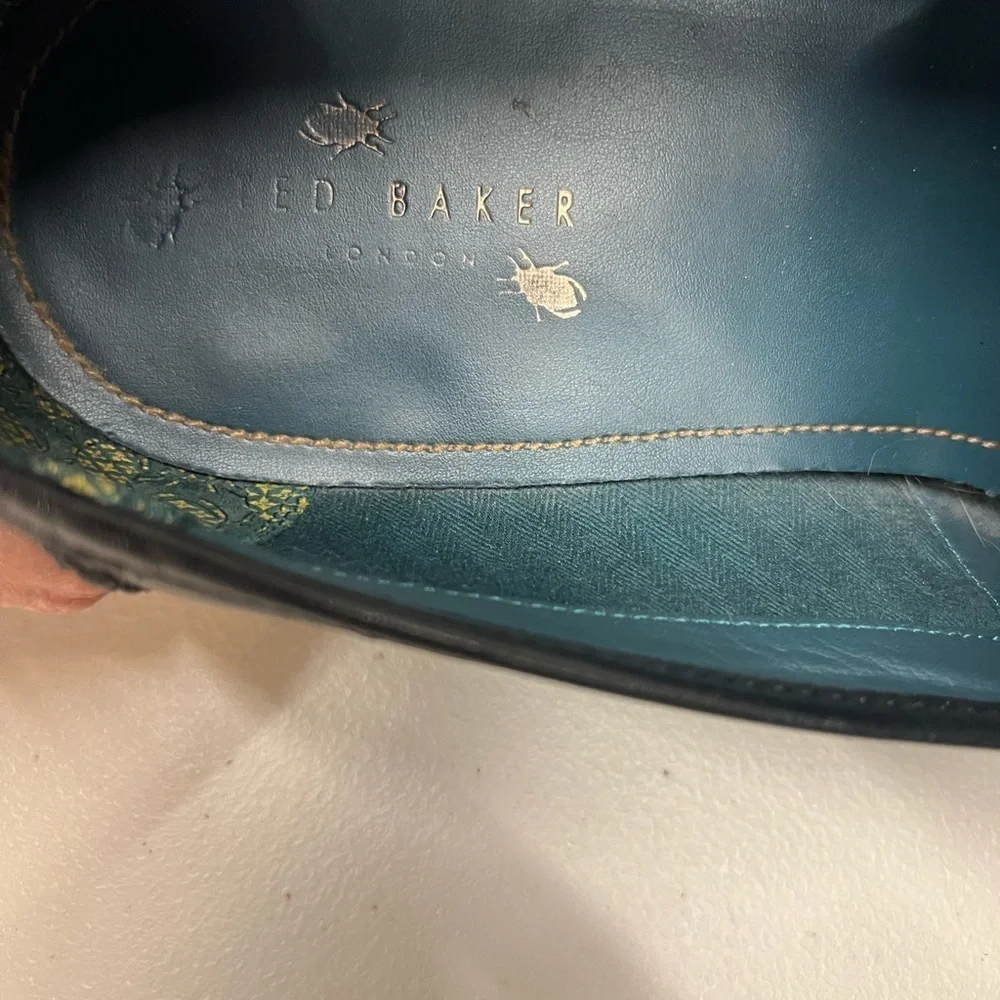 Ted Baker Black‎ Leather Simeen Driving Mocs Loafers Size 11.5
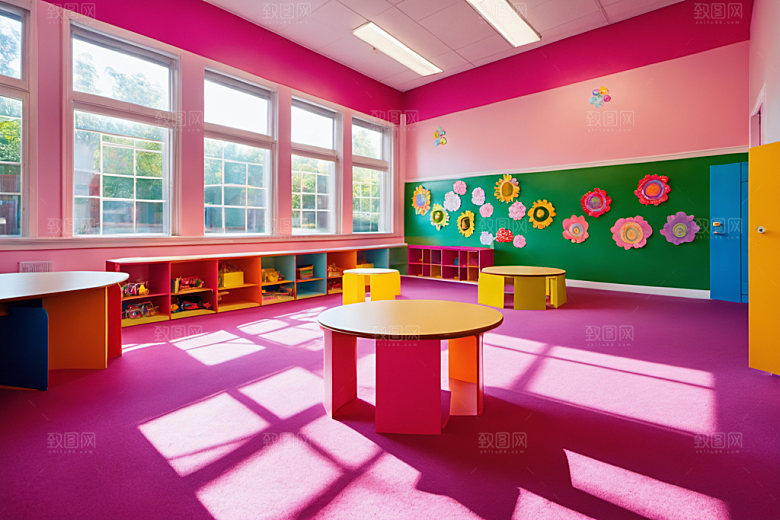 幼儿园教室幼教幸福摄影图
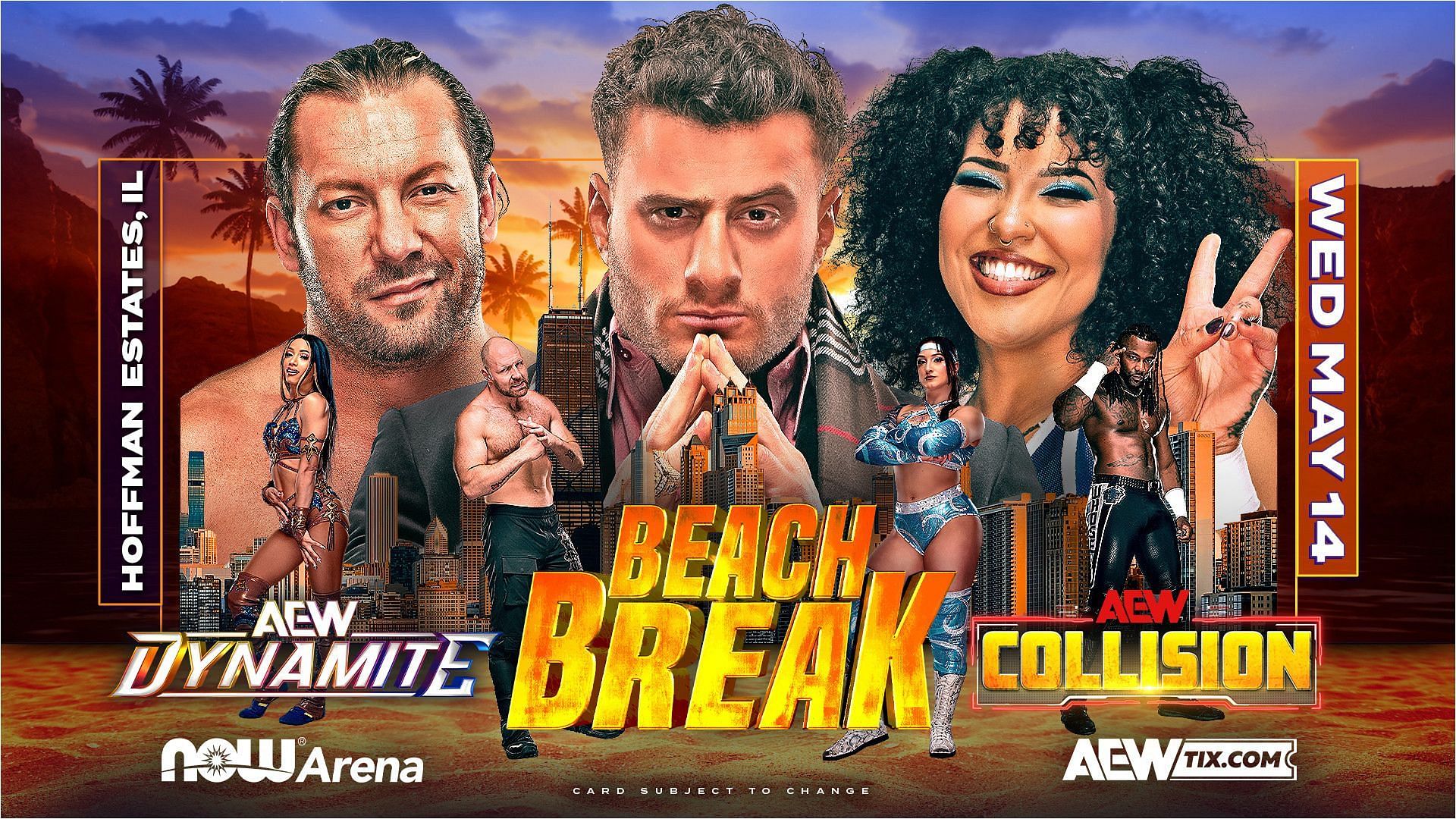 AEW Beach Break 2025 poster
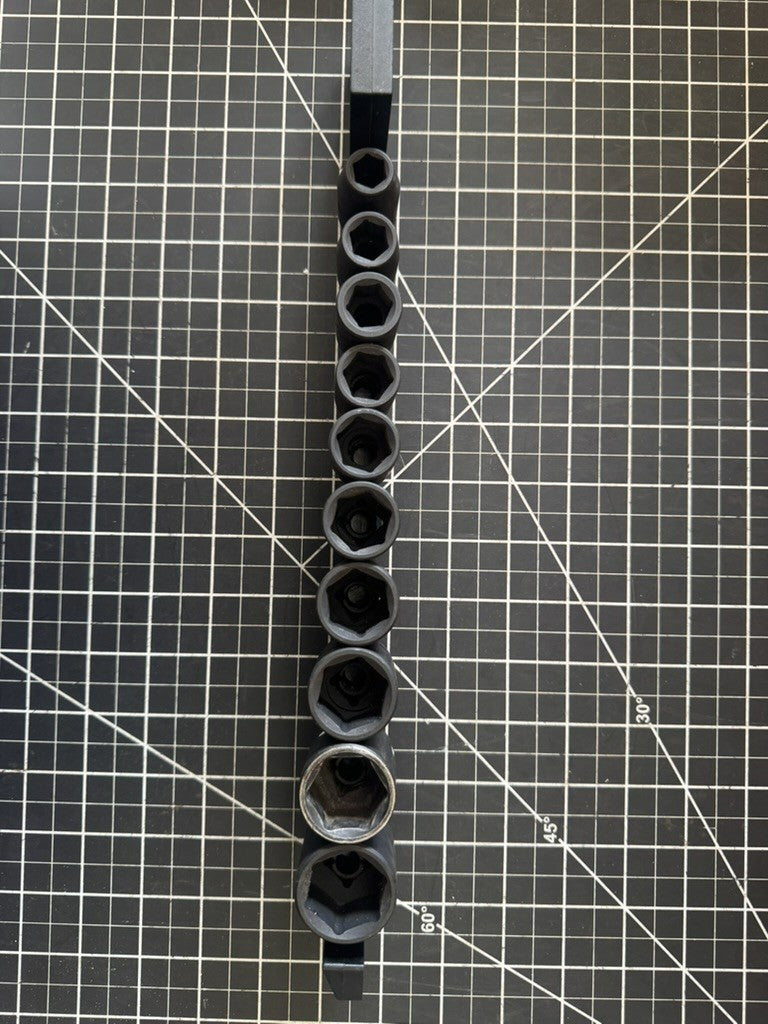 Pittsburgh 1/2” Drive 10pc Impact Socket Set – Item #67917 – Black Phosphate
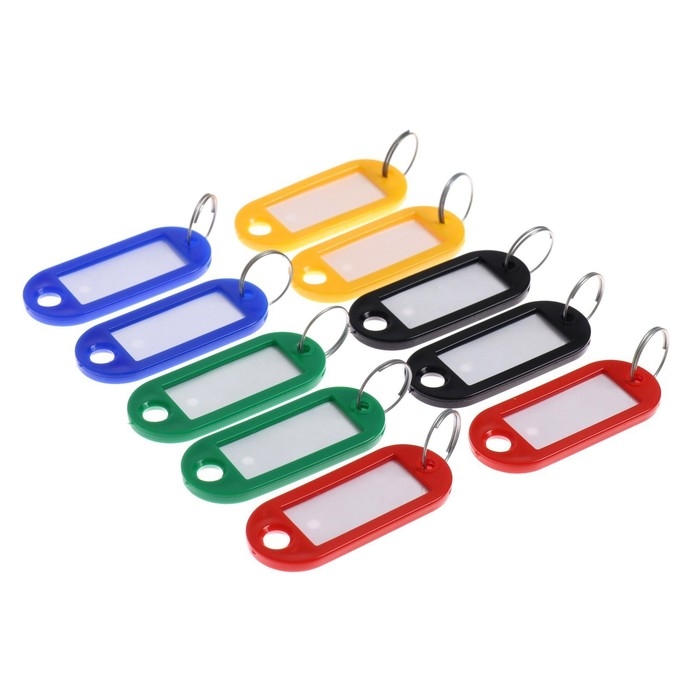 Набор брелоков для ключей, 10 штук, 53 мм, МИКС Набор брелоков для ключей, 10 штук, 53 мм, МИКС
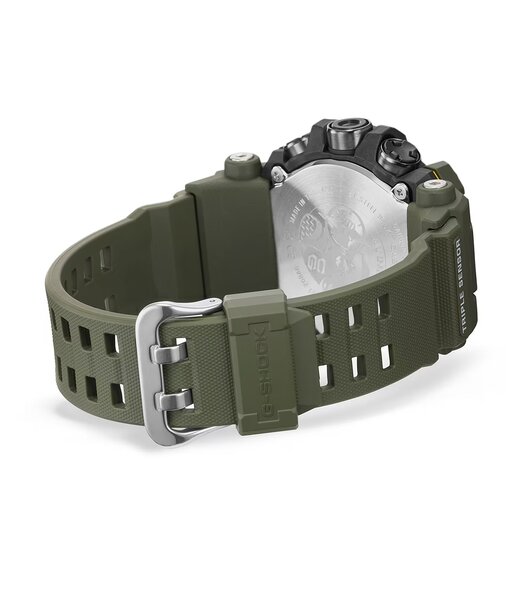 Horloge CASIO G-SHOCK Heren GW-9500-3ER Digitaal Behuizing Mineraal Zwart Bracelette Gerecyclede hars Groen Boucle ardillon Etanchéiteiten 20 BAR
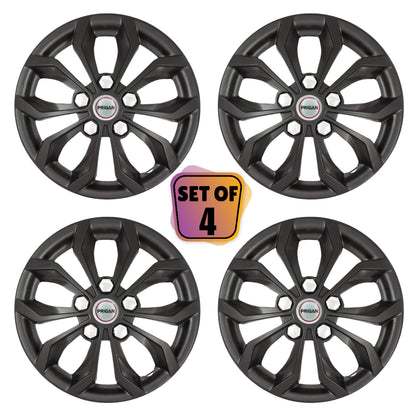 PRIGAN VISION BLACK WHEEL COVER  (Set of 4)  AVAILABLE IN 12,13,14,15,16 INCH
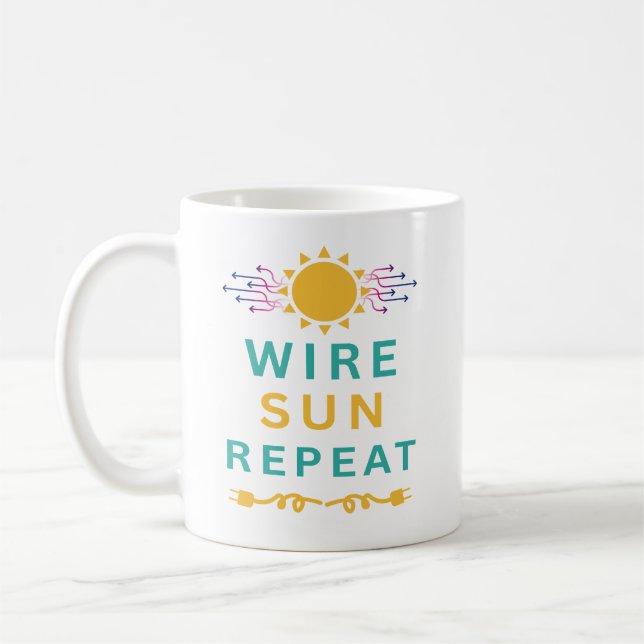 Taza De Café Repetir Sol Cable (Izquierda)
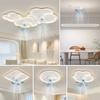 2025 Nuevo Estilo Lámpara de Sala Simple y Atmosférica Diseño Personalizado Lámpara de Techo con Ventilador de Nube Paquete de Iluminación Combinada para Toda la Casa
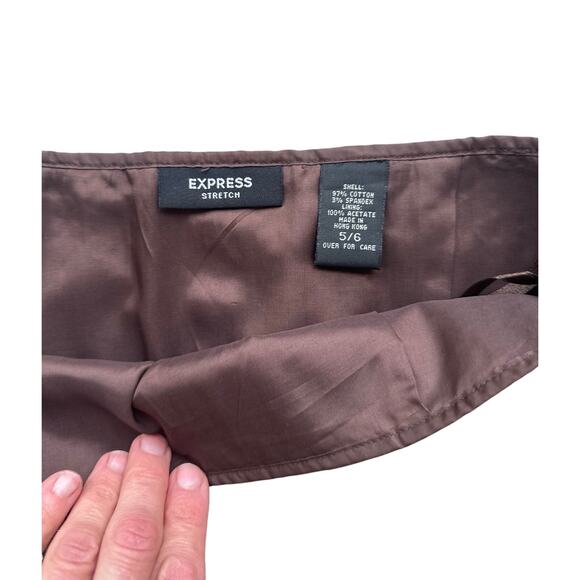 Bronze Gold Sequin Express Mini Skirt / Size 6 - Picture 4 of 4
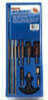 Universal Cleaning Kit 17 pieces: 3 Solid Brass rods Brushes Accessories And Patches - Durable Custom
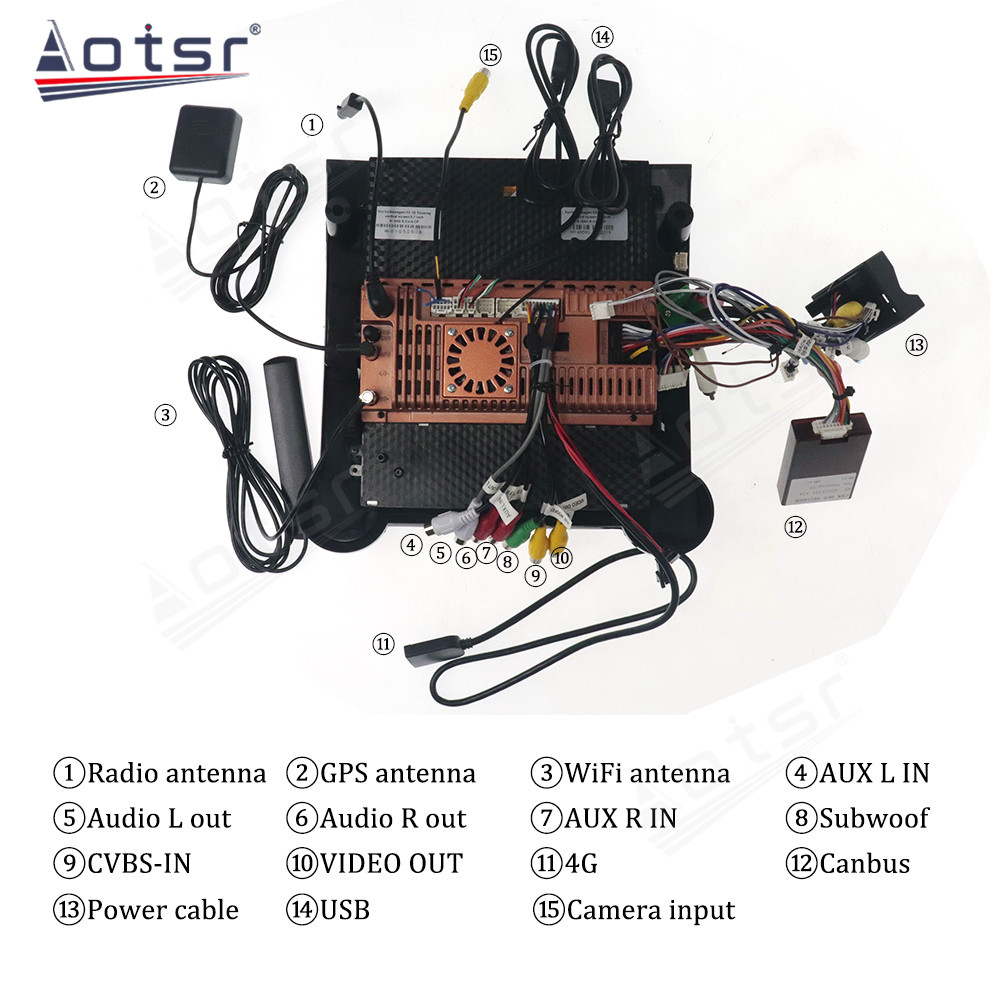 Autoradio Android 2002, Navigation GPS, StÃ©rÃ©o, DSP, Carplay, 4G, Permanence, Limitation, Pour Voiture Volkswagen VM Touareg (2010-12.0) n° 6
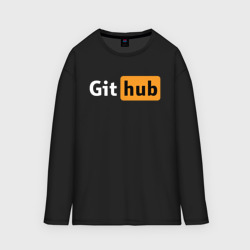 Мужской лонгслив oversize хлопок Git Hub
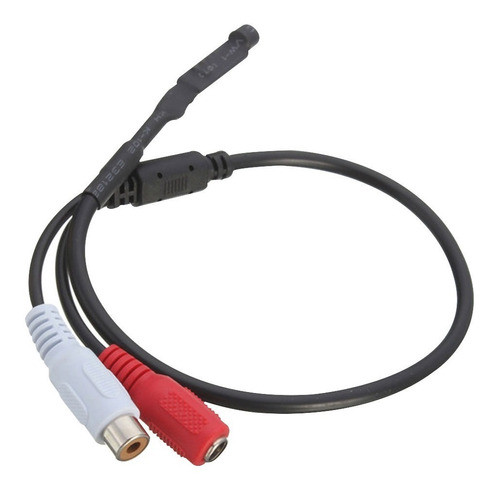 Micrófono Ambiental Omnidireccional Rca Cctv Cs06 60 Metros2 0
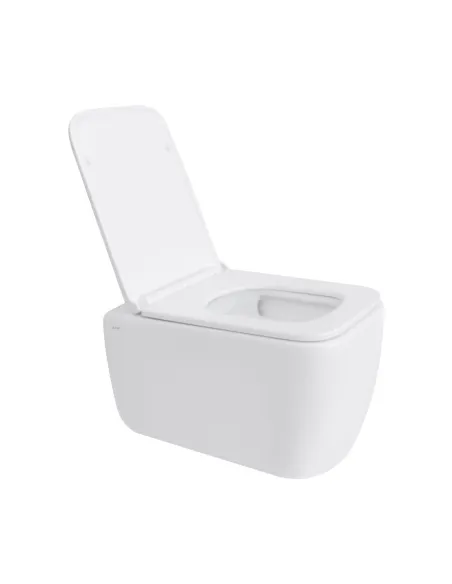 Унитаз безободковый подвесной Q-Tap Gemini Ultra Quiet QT2533076EUQW, 373х365х530 мм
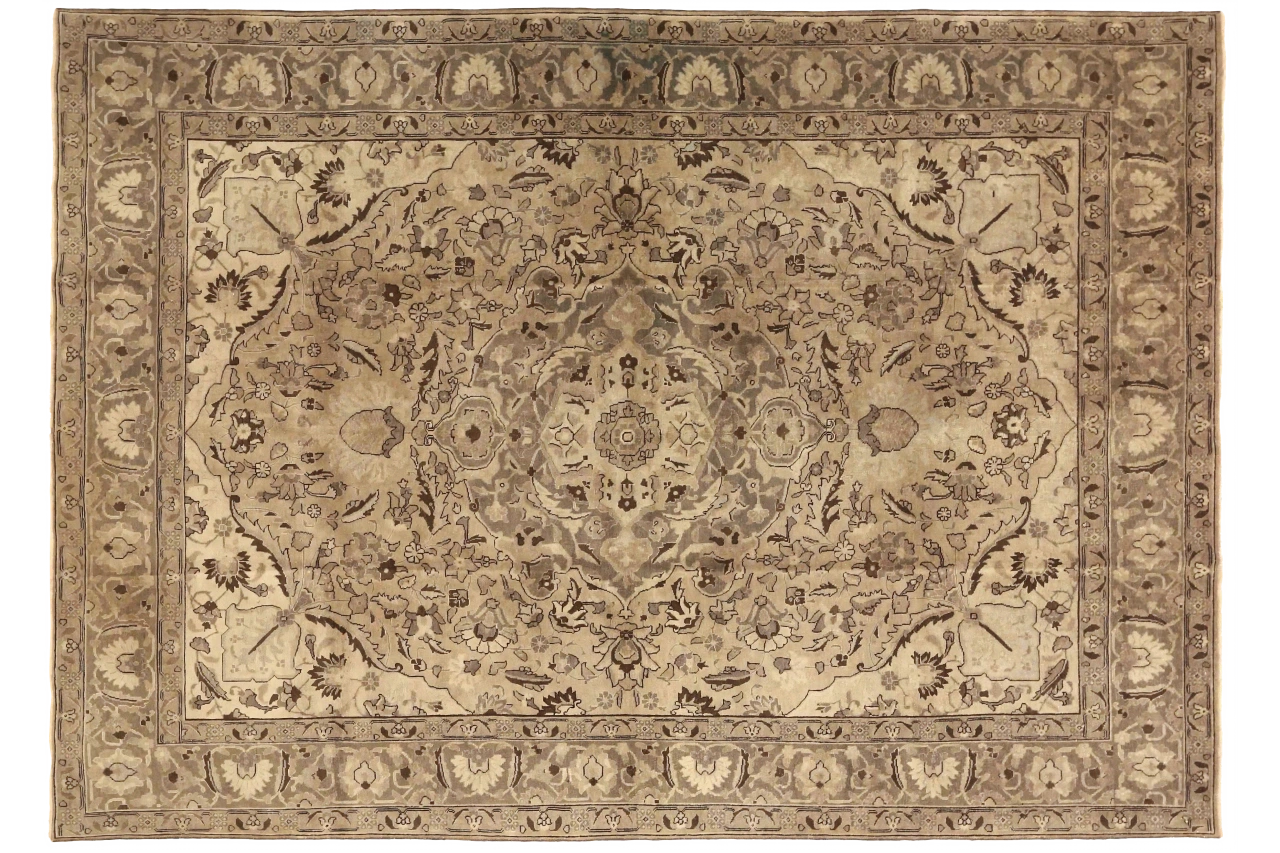 Antique Persian Tabriz Transitional Rug 16298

########

_Exercise_
Your copy should match the material above exactly, minus its pictures.

_Result for this exercise_
 Ted Baker Black‎ Leather Simeen Driving Mocs Loafers Size 11.5
 幼儿园教室幼教幸福摄影图
 AEW Beach Break 2025 poster
 Pittsburgh 1/2” Drive 10pc Impact Socket Set – Item #67917 – Black Phosphate
 Набор брелоков для ключей, 10 штук, 53 мм, МИКС Набор брелоков для ключей, 10 штук, 53 мм, МИКС
 Horloge CASIO G-SHOCK Heren GW-9500-3ER Digitaal Behuizing Mineraal Zwart Bracelette Gerecyclede hars Groen Boucle ardillon Etanchéiteiten 20 BAR
 PRIGAN VISION BLACK WHEEL COVER  (Set of 4)  AVAILABLE IN 12,13,14,15,16 INCH
 Taza De Café Repetir Sol Cable (Izquierda)
 2025 Nuevo Estilo Lámpara de Sala Simple y Atmosférica Diseño Personalizado Lámpara de Techo con Ventilador de Nube Paquete de Iluminación Combinada para Toda la Casa
 Bronze Gold Sequin Express Mini Skirt / Size 6 - Picture 4 of 4
 Universal Cleaning Kit 17 pieces: 3 Solid Brass rods Brushes Accessories And Patches - Durable Custom
 Autoradio Android 2002, Navigation GPS, StÃ©rÃ©o, DSP, Carplay, 4G, Permanence, Limitation, Pour Voiture Volkswagen VM Touareg (2010-12.0) n° 6
 Мужской лонгслив oversize хлопок Git Hub
 Micrófono Ambiental Omnidireccional Rca Cctv Cs06 60 Metros2 0
 Унитаз безободковый подвесной Q-Tap Gemini Ultra Quiet QT2533076EUQW, 373х365х530 мм
 Antique Persian Tabriz Transitional Rug 16298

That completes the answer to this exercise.